First Italian-Chinese wine dictionary launched in Italy’s Verona

The first-ever Italian-Chinese wine dictionary was formally presented this week on the sidelines of the Vinitaly wine fair in the northern Italian city of Verona.

The “Italian-Chinese Bilingual Dictionary of Wines and Vines,” which includes explanations of some 600 commercial grape varieties grown in Italy and standardizes the way specific wine names are written in Chinese, will soon hit bookstores in both countries.

It took four years for scholars from both countries to write the dictionary, which aims to help Chinese consumers better understand Italian wines, and help Italy enter a challenging Chinese wine market dominated by French and Chilean wines.

“Italy has a limited market presence in China and the hope is that making Italian wines easier to understand … will help grow their presence,” said Denis Pantini, head of the agro-industry section at the economic think-tank Nomisma.

A 2018 research done by Nomisma showed that Italian wine sales in China last year were worth 140 million euros (158 million U.S. dollars), which was close to the figures of some individual and private sector winemakers in France and Chile, Pantini said.

Merely seven percent of Chinese consumers in urban areas could recognize an Italian wine, Pantini added.

“Italy is a top producer of wines, both in terms of quality and quantity, but you would never know it by browsing a typical Italian supermarket,” Pantini said.

The idea of writing a bilingual wine dictionary came during the 2015 World Expo in Milan, where a gastronomy project featuring relevant definitions for words in Italian, Chinese and English was well-received.

“We keep hearing about how confusing Italian wines can be and we thought we need a project like this for Italian wines,” Marta Valentini, executive director of the Confucius Institute at the University of Milan and one of the authors of the dictionary, told Xinhua.

“We respected previous, smaller-scale (projects) and used those translations as a way to reduce confusion,” Valentini said.

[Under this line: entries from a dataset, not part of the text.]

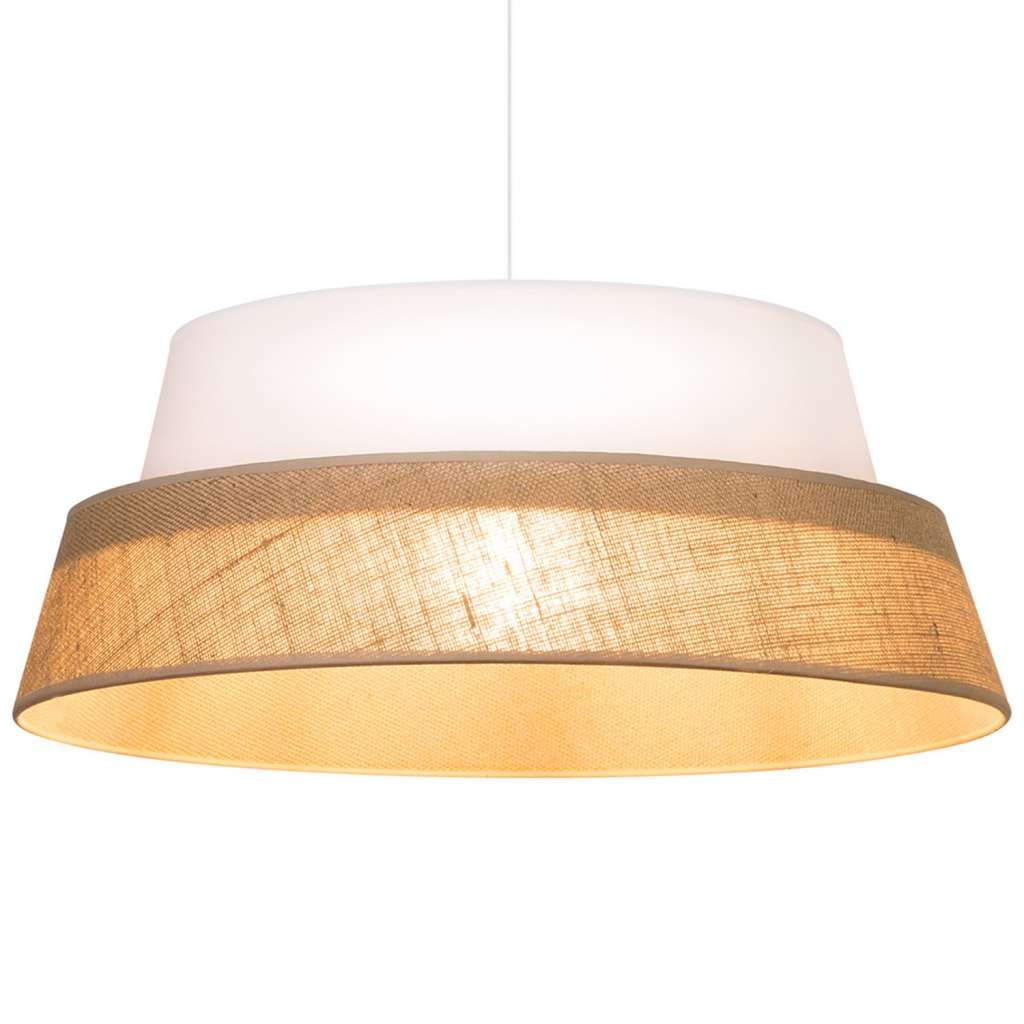 home24 Pendelleuchte Preto IV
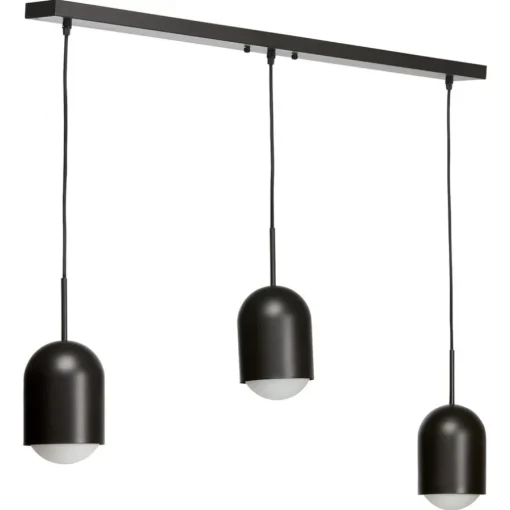 Hanglamp Beanie 3-Lichts^ Best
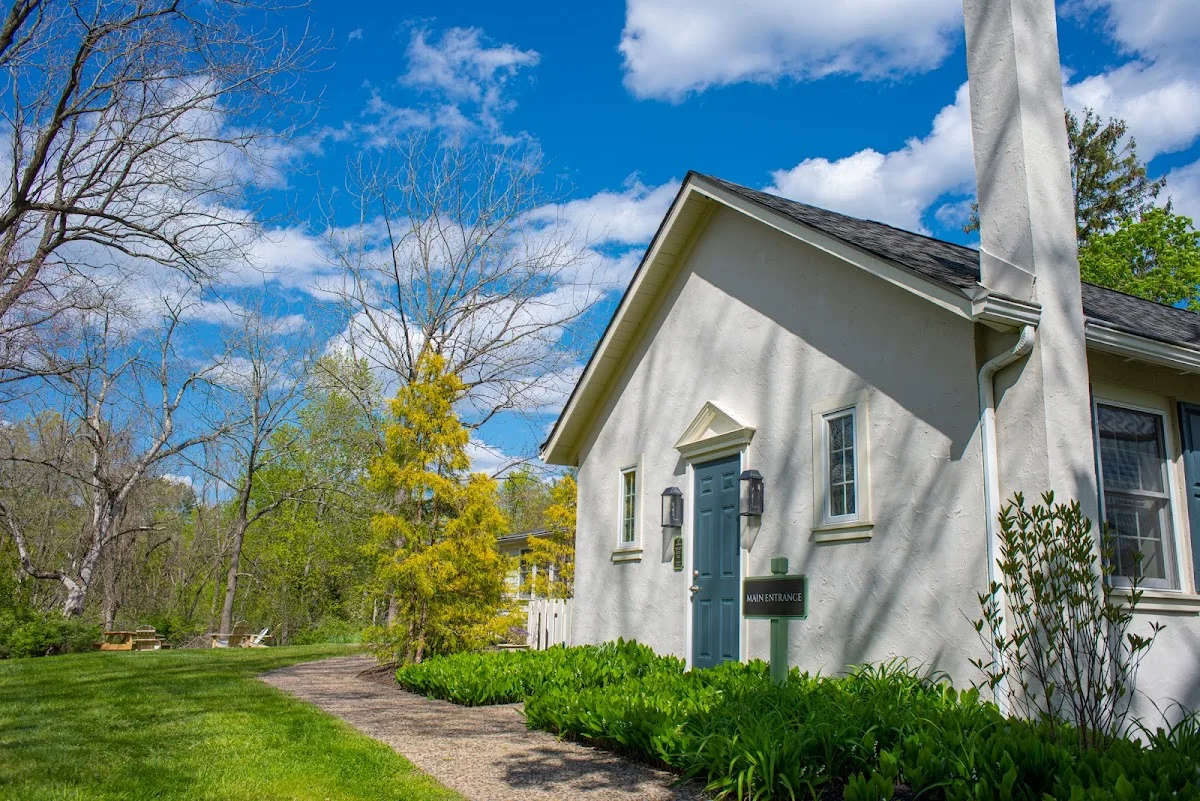 Peace Valley Recovery - Alcohol & Drug Rehab Philadelphia
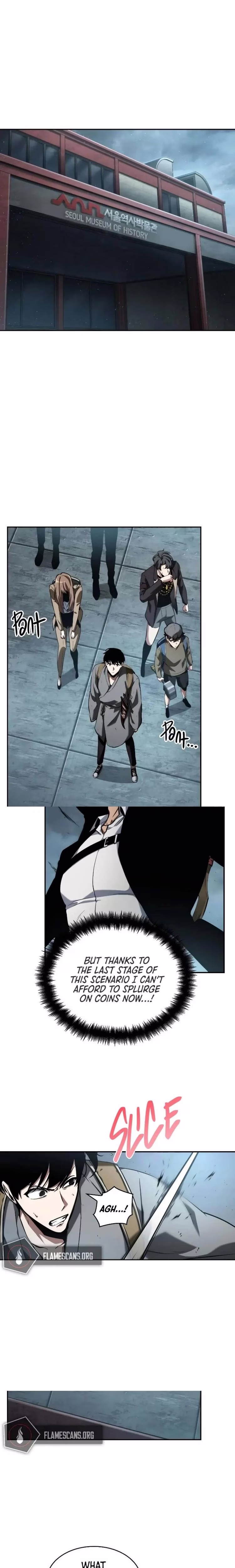 Omniscient Reader's Viewpoint - Chapter 29 - Part 48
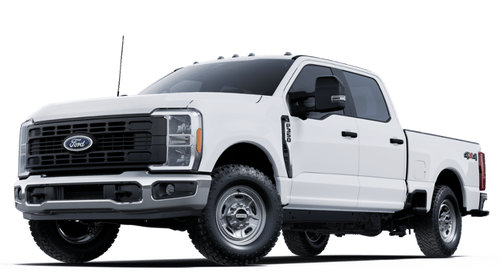 2025 Ford F-350SD XL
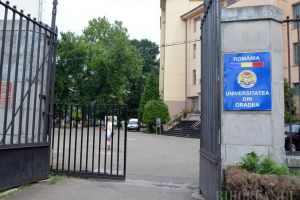 Universitatea din Oradea se pregăteşte de evaluarea ARACIS. Bungău speră că va păstra gradul de încredere ridicată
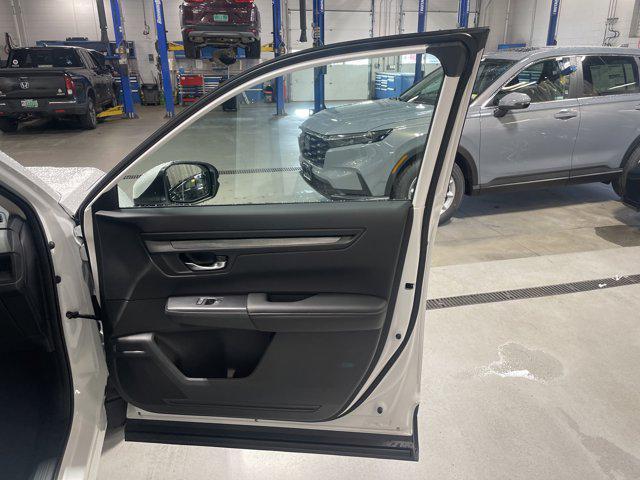 new 2026 Honda CR-V car, priced at $34,814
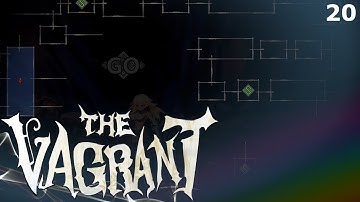 The Vagrant Gameplay The Void 1 Part 20 No Commentary
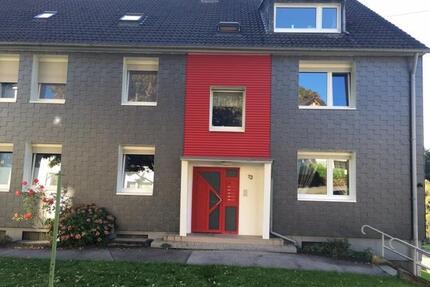 Balkon Wald beste und ruhige Lage doch zentral zur Innenstadt - Remscheid Reinshagen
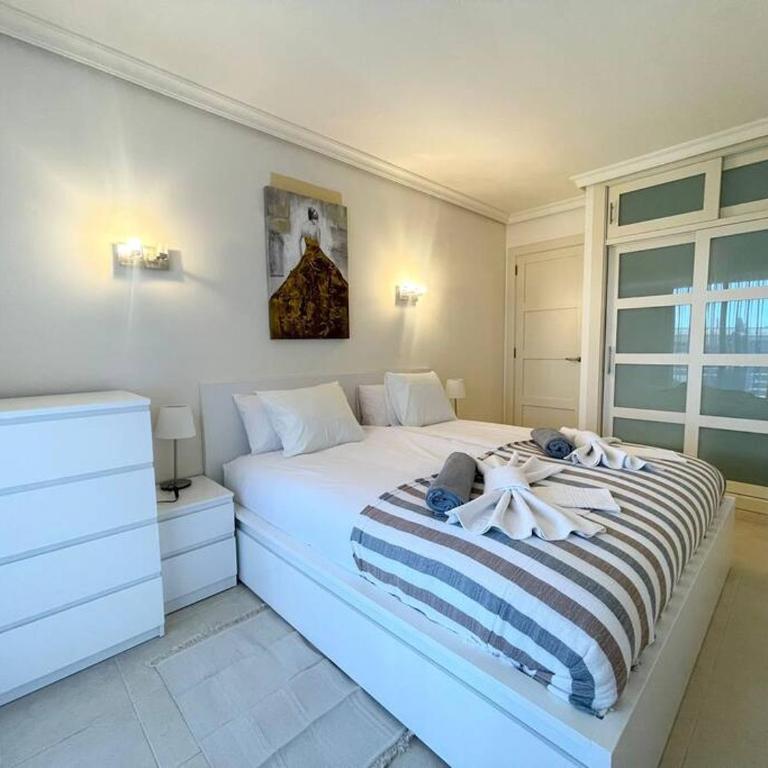 Panoramic View Los Gigantes - Two-Bedroom Apartment - 26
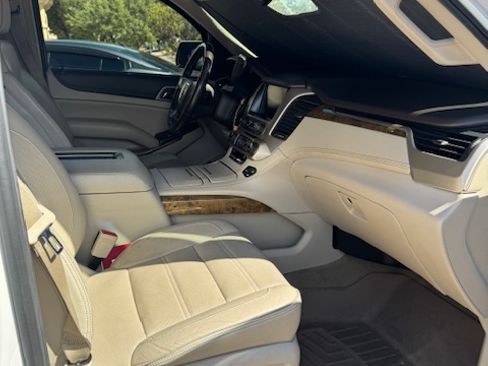 Used 2017 GMC Yukon XL Denali w/ Open Road Package image 11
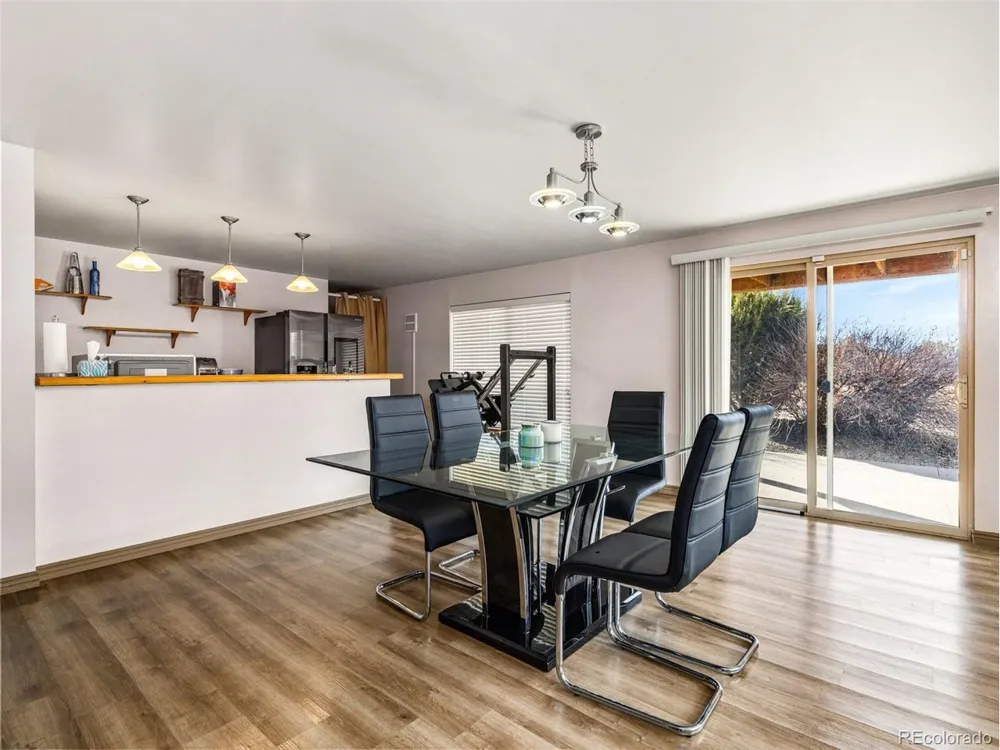 9575 County Road 20.8 #8 Trinidad, CO 81082
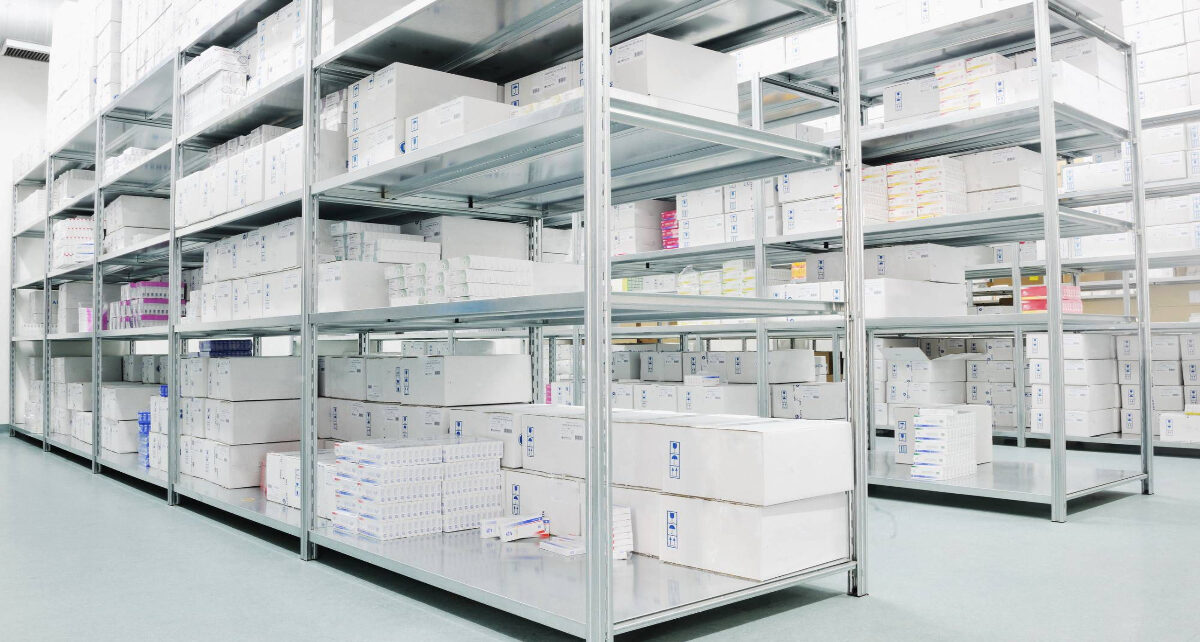 Pharmaceutical Stability and Storage Services Market Witness High Growth Owing To Increased Need For Pharmaceutical Stability Testing 1 Pharmaceutical Stability and Storage Services Market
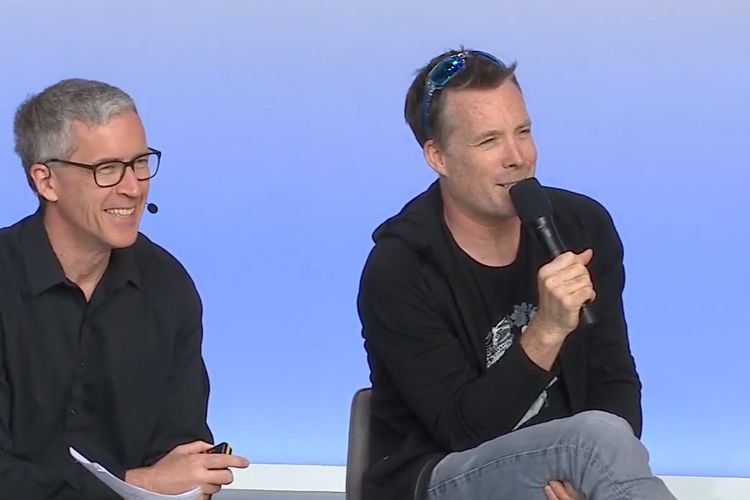 Wear OS, une absence remarqu&eacute;e &agrave; la Google I/O2019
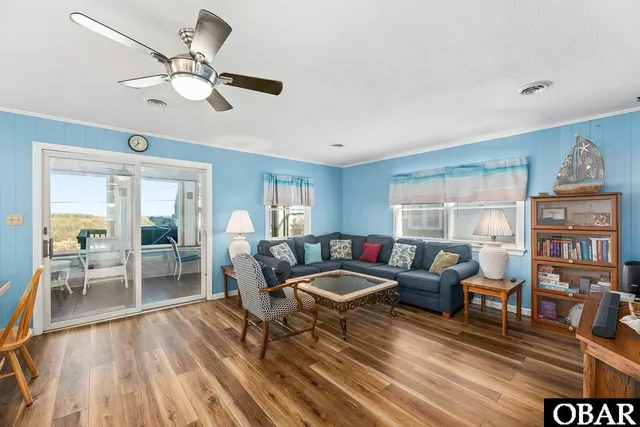 $1,425,000 | 4216 North Virginia Dare Trail, Kitty Hawk, NC 27949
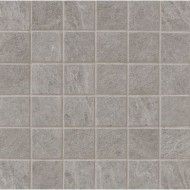 WATERFALL MOSAIQUE 36 IVORY FLOW NATURAL 30X30   - Lea Ceramiche LGCWF25 LEA CERAMICHE - 1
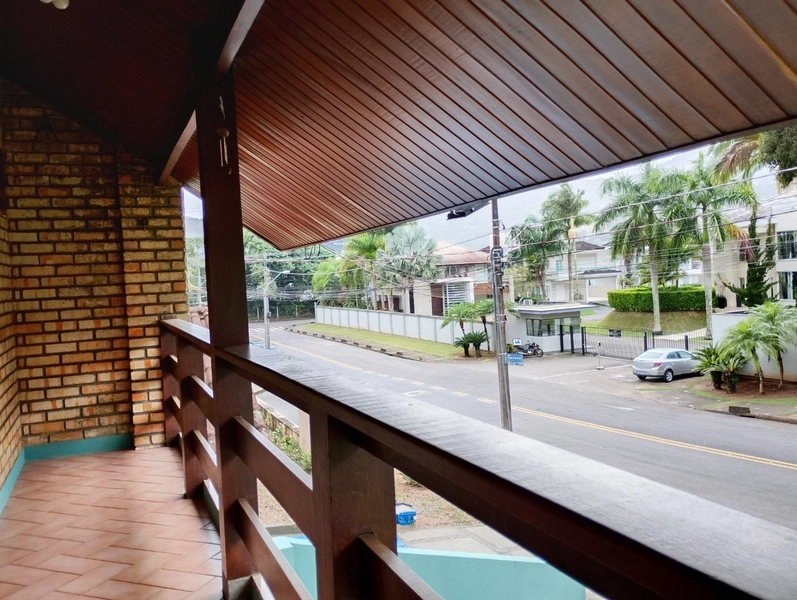 Casa à venda no bairro João Paulo - 04 quartos: 12ª foto da galeria de imagens do imóvel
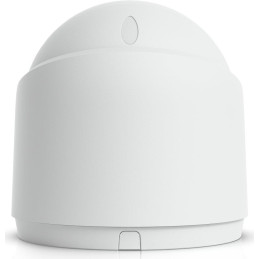 Ubiquiti UniFi G6 Pro Turret W - kamera, 8Mpx rozlišení, IR LED, AI detekce, IP66, IK04, 2.36x zoom, PoE+, bílá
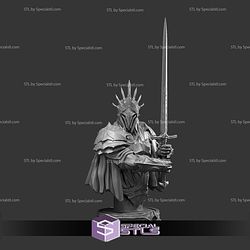 May 2025 Parasite Collectibles Miniatures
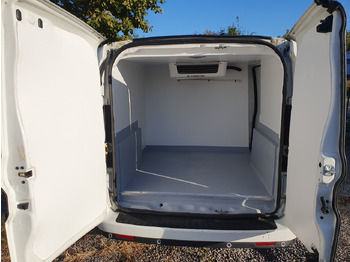 Frigorifik kamyonet FIAT Doblo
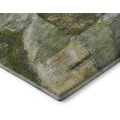 Addison Mayfield Green AMF2039 8ft. x 10ft. Rect. Rug
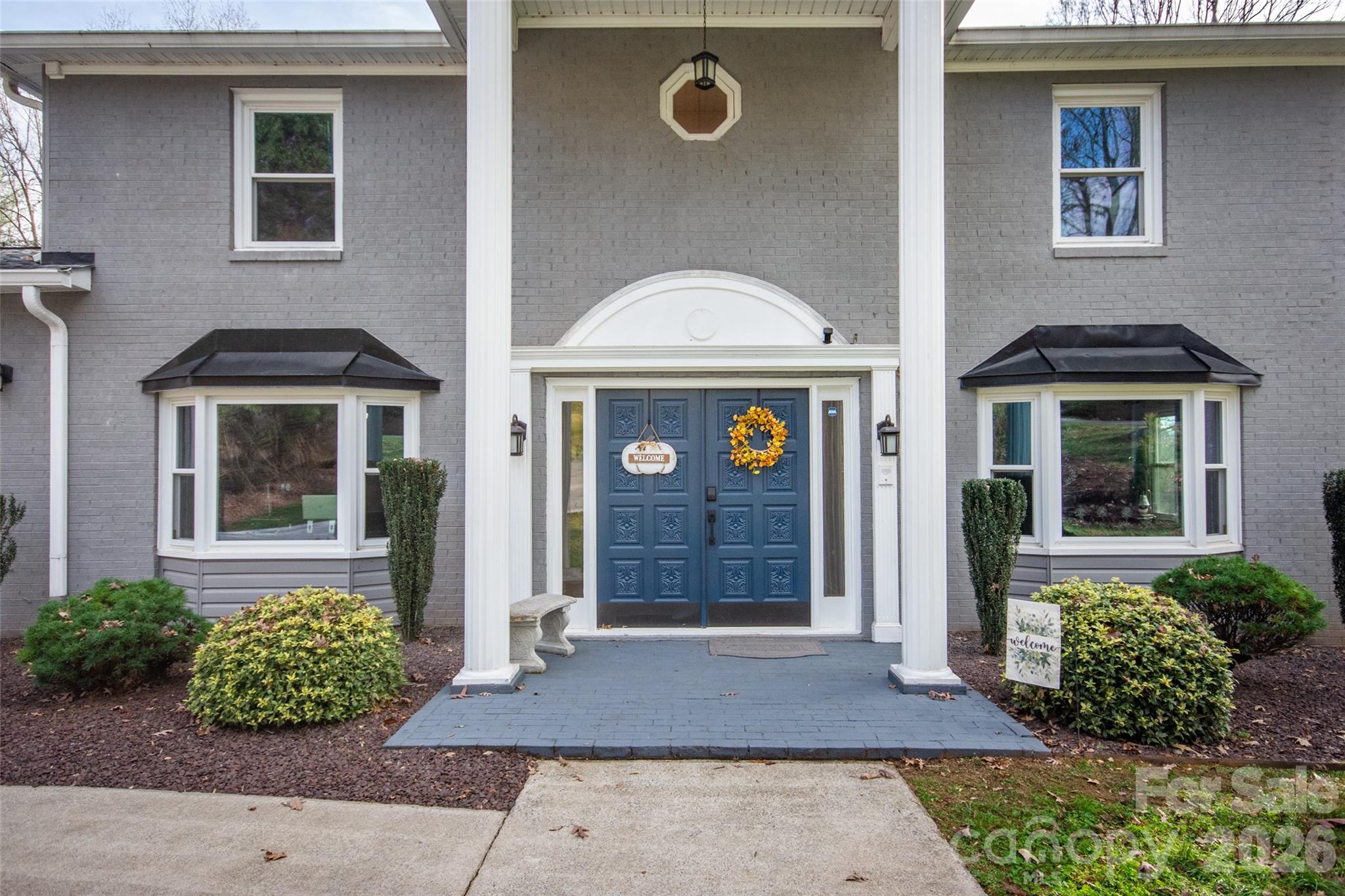 2193 Hawthorne Lane — Wilkesboro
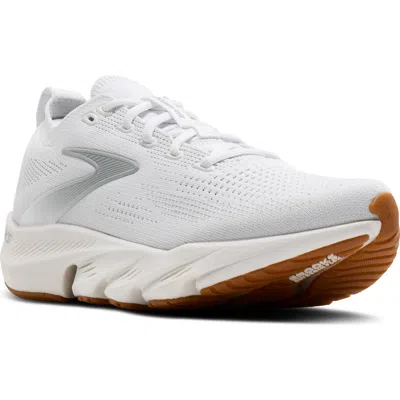 Brooks Glycerin Flex Running Sneaker In Multi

Speaking of the new dictionary, Ottavio Cagiano de Azevedo, director general of Italy’s largest wine industry group Federvini, said “there’s the important issue of standardizing names of grapes and wines to create a common language.”

“It also helps to call attention to the country’s rich variety of wines. For a beginner, all the different names can be confusing. But the variety is our wine industry’s strength,” Azevedo said.